Named Array Elements

The Goal

Have you ever wanted to have your cake and eat it too? Here's a way to have an array appear to be both an array and collection of named variables -- without having to use the array operator or to use function call operators.

That is, this page describes a technique lets you have the following interfaces to a class?

For exaple, your class could be accessed like this:
Class variable;

variable[4] = 30;

variable.X = 9;
Where variable.X and variable[4] refer to the same memory location.

To be clear, then, this page describes a technique whose sole purpose is the improvement of the aesthetics of a class' interface without any increase in functionality -- but with little or no performance cost.

One might ask, "Why would I want such a thing?" The answer typically runs like this: Suppose that you originally wrote some code using named variables then decide later that you can perform some operations more effectively if these variables were part of an array.

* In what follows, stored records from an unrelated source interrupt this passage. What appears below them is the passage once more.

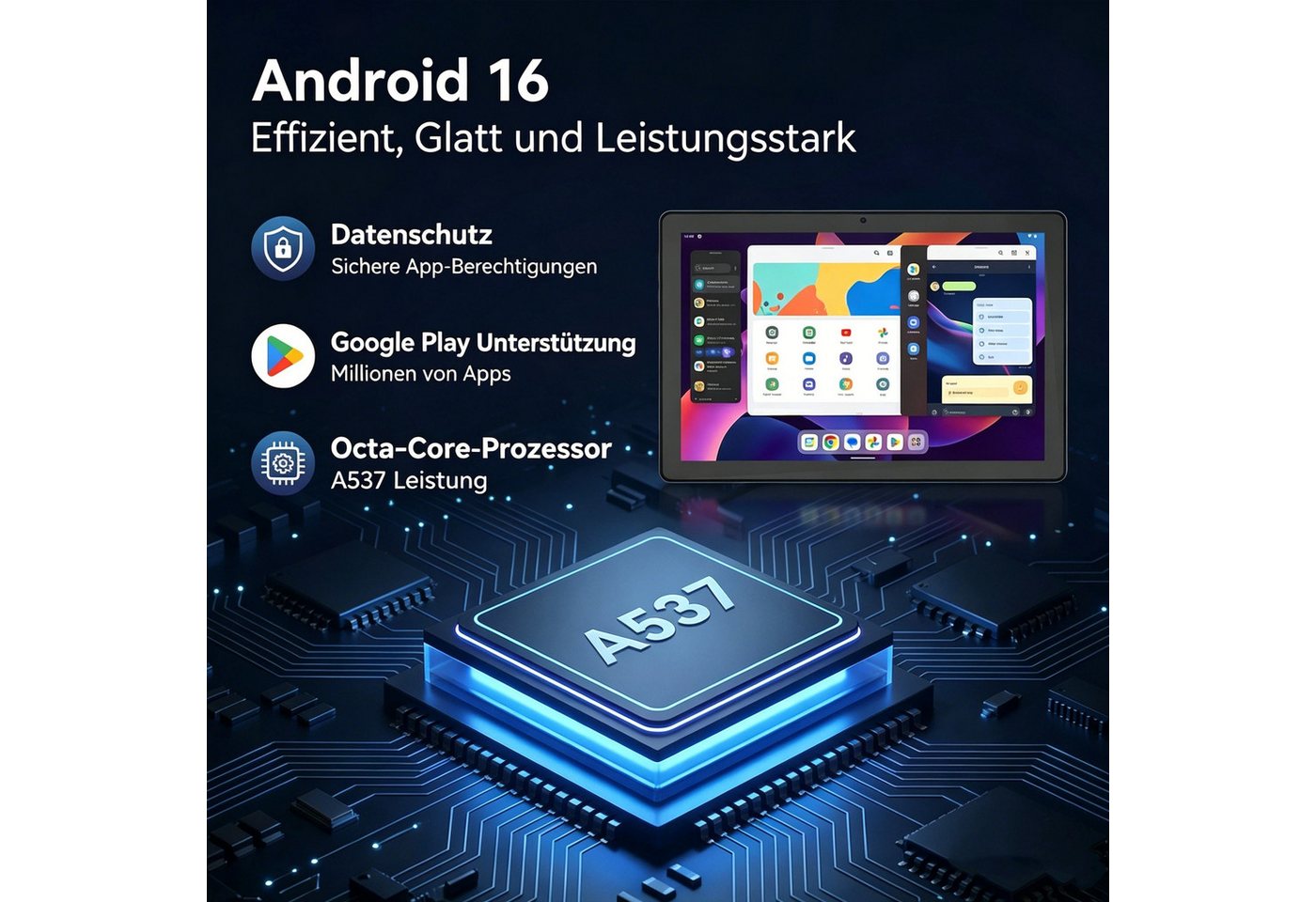 Happybe 10,1'' Octa-Core, 6000 mAh, HD 1280x800, 34GB/36GB RAM, 128GB/256GB Tablet (10.1", 256 GB, Android, Android 16, Gemini KI-Assistent, Widevine L1) schwarz
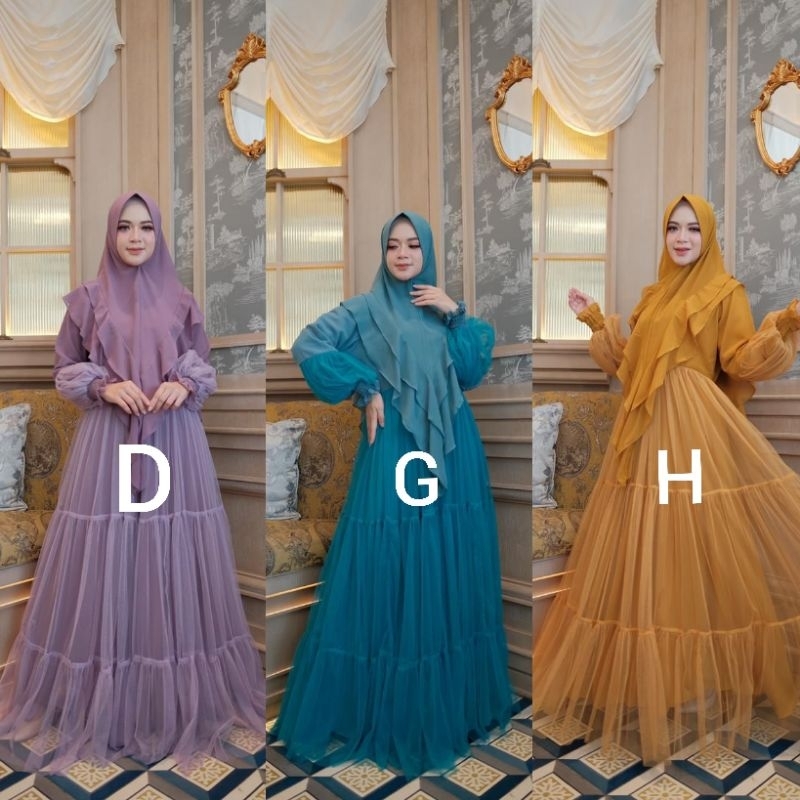ready stok Defe syari/syari tulle/syari tutu/syari by OHC/Defe syari by OHC/syar'i tule mewah/DF sya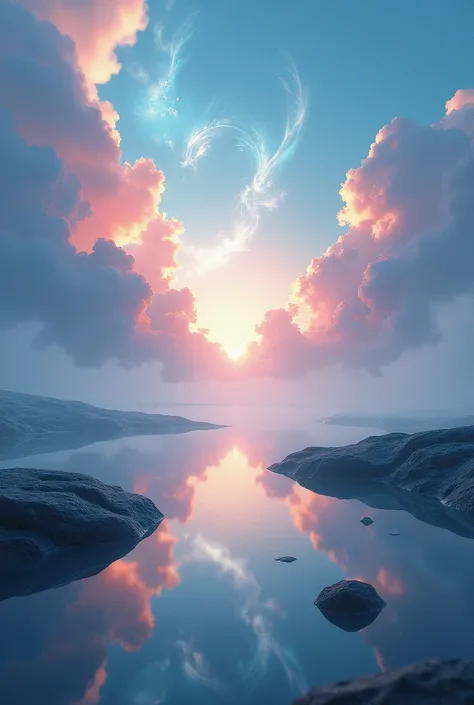 Kaleidoscopic Effect with Light Effects and Reflections: Create a visually captivating scene featuring a kaleidoscopic effect with intricate light effects, reflections, and gradients. Incorporate a dreamy sky with soft, swirling clouds and a misty landscap...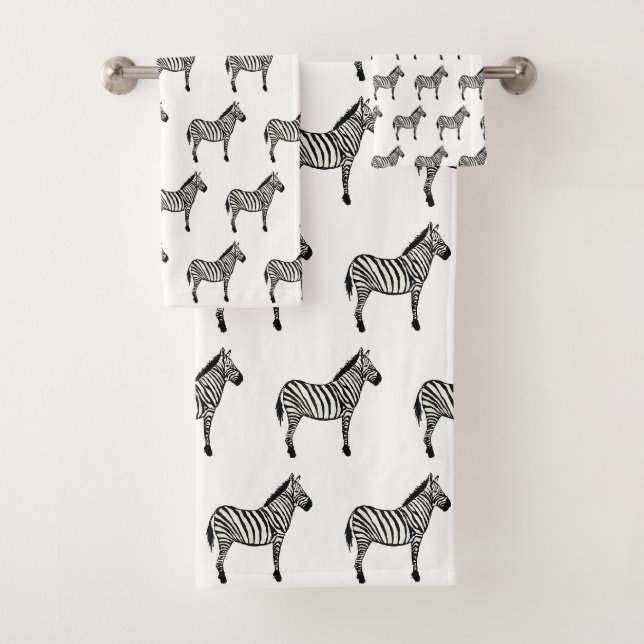 Ensemble de serviettes de bain Zebra Safari Peintu (En situation)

In this case, you'ld be faced with editing a lot of existing code and changing from references of the form "object.VariableName" to "object[VariableIndex]". While this works fine, some people object on aesthetic grounds. For example, if you were dealing with cartesian coordinates -- X, Y, Z -- you might object to writing "object[X_index]" instead of "object.X".

Alternatives and their issues

Before describing the technique, lets look at some of the less than aesthetically appealing alternative ways to approximate the naming of array locations:

First, you might try this:

#define array index names and use the array operator

For example:
class C
{
  int array[3];
  int &operator[] (int i) { return array[i]; }
  #define X 0
  #define Y 1
  #define Z 2
};
...

C variable;
for(i=0; i < 3; variable[i++] = 9);

cout << variable[X] << endl;
cout << variable[Y] << endl;
cout << variable[Z] << endl;
This works fine, of course, but has a couple of negatives:
  1. #define's pollute the global name space
  2. The array index operators are ugly when used a lot in expressions. Suppose you're naming the array locations so that you can write equations like this:
    Q = variable[X] + variable[Y] * variable[Z] +
    sqrt(variable[X]);
    Woudln't it be preferable to write this instead?
    Q = variable.X + variable.Y * variable.Z +
    sqrt(variable.X);
Alternatively, you could do this:

Use class scope constants and array indices

For example:
class C
{
  int array[3];
  int &operator[] (int i) { return array[i]; }
  enum constants { X, Y, Z };
};
...

C variable;
for(i=0; i < 3; variable[i++] = 9);

cout << variable[C::X] << endl;
cout << variable[C::Y] << endl;
cout << variable[C::Z] << endl;
This works fine, of course, and you no longer have the problem of polluting the global namespace, but you still have the following negatives: So, you might try this:

Use member functions instead of the array index operators

A common solution looks like this:
class C
{
  int array[3];
  int &operator[] (int i) { return array[i]; }
  int &X() { return array[0]; }
  int &Y() { return array[1]; }
  int &Z() { return array[2]; }
};
...

C variable;
for(i=0; i < 3; variable[i++] = 9);

cout << variable.X() << endl;
cout << variable.Y() << endl;
cout << variable.Z() << endl;
This works fine, of course, and most of the problems are gone -- you are just stuck with using () after the member names.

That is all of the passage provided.